Females can lay something like 70 eggs at a time and,
like the Boca Grande iguanas, there doesn't seem
to be much in the way of natural predators for these
really big critters.
You want to sic
your vicious Dobie dog on a 7-foot-long lizard that
is related to the last surviving dragon, the Komodo?
After all, "the Komodo dragon of Indonesia, which
can grow up to 10 feet long, hunts deer and has been
known to kill humans," according to the Times.
Maybe the real issue
OK, so we've
got iguanas and dragons to the south. So what, you
may ask?
Well, apparently
the reptile feeding frenzy, although voracious, seems
to be centered around eggs. Any kind of eggs. Bird,
snakes, gators, crocodiles - yeah, there are
crocs down there.
And while some
of us may sometimes think that less snakes may be a
good thing in the world, less birds?
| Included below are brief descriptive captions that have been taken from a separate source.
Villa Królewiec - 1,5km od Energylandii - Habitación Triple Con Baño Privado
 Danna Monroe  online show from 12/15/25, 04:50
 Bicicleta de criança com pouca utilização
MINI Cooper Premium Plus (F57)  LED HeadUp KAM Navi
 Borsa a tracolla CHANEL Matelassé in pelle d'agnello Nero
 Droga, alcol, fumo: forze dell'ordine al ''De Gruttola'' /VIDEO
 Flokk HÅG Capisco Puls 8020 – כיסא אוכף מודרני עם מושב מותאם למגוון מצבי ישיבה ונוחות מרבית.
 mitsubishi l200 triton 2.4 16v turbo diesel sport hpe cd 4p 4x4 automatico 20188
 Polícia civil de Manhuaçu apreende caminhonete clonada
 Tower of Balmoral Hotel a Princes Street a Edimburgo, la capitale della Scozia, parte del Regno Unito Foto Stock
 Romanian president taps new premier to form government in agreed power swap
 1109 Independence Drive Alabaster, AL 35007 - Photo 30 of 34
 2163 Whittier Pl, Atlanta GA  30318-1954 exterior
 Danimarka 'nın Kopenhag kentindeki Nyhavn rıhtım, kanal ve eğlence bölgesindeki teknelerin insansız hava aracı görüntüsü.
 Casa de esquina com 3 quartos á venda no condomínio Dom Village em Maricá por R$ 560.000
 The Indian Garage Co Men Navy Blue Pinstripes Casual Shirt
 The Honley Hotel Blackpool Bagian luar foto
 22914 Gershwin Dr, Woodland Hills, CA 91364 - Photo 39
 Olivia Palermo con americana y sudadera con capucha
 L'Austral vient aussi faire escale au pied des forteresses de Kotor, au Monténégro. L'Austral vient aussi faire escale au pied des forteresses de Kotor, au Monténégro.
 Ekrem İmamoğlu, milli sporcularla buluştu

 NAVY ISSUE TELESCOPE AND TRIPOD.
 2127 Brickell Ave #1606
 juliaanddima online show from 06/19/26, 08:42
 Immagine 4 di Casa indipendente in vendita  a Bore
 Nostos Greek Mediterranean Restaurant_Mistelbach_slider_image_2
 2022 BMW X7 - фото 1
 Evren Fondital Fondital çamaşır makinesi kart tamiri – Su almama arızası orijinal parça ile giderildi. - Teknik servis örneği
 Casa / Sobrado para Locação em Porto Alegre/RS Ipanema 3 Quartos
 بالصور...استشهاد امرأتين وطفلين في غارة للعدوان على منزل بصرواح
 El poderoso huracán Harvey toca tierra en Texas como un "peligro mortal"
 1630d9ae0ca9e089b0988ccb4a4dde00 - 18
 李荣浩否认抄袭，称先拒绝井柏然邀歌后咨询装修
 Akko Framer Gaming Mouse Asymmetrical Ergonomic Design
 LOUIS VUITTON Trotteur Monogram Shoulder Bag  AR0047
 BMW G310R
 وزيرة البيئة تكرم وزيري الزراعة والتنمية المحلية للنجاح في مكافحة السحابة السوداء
Of course, you
remember that less eggs means less critters, and a
critter that targets eggs as a main food source without
anything out there to really eat its eggs means a big
problem.
The ultimate
solution?
Don't get
a pet you can't handle or don't want to
have for a long, long time.
And for goodness
sake, don't just let whatever undesirable thing
you have and don't want "go free" in
the wilds of Florida. It may come back to bite you.
"Compleat"ly gone
The Compleat
Angler Hotel on North Bimini in the Bahamas was apparently
totally destroyed in a fire last week. The resort fire
also killed its owner, Julian Brown.
The Compleat
Angler was one of author Ernest Hemingway's favorite
retreats. He apparently wrote much of "To Have
and Have Not" there, and spent a lot of time
fishing the waters off the island for marlin and sailfish.
Another landmark
gone.
Oops
Joe Chiles pointed
out the obvious - to him, but obviously not quite
to me - in a Sandscript a few weeks ago when
I mentioned that possums are rodents. Of course, we
all know they are actually marsupials.
Jeez, I knew
that, Joe. Sorry.
Sandscript factoid
Speaking of rodents,
I got into a Sherlock Holmes reading jag a week or
so ago and read Rick Boyer's wannabe Arthur Conan
Doyle story, "The Giant Rat of Sumatra." Boyer
takes Holmes and Dr. Watson on new adventures after
Doyle's death, and actually does a pretty good
job of re-creating the master's Sherlockian sleuth-dom.
Except for the
rat itself.
OK, maybe I'm
giving the story away, but the "giant rat" is
actually supposed to be something called a Sumatran
Tapir, Tapirus indicus. Huge, like the size
of a calf huge, with a rat face, it terrorizes the
multitudes, rips living flesh from bone … you
get the idea. Oh, the horror.
Despite the fact
that the tapir described is a vegetarian, Holmes and
his author go on to explain that the critter was mistreated
by its master and forced into unspeakable acts against
its will. Fine, I'll buy literary artifice.
But take a look
in your encyclopedia at a tapir, even a Sumatran Tapir,
and try and tell me it looks like a big rat.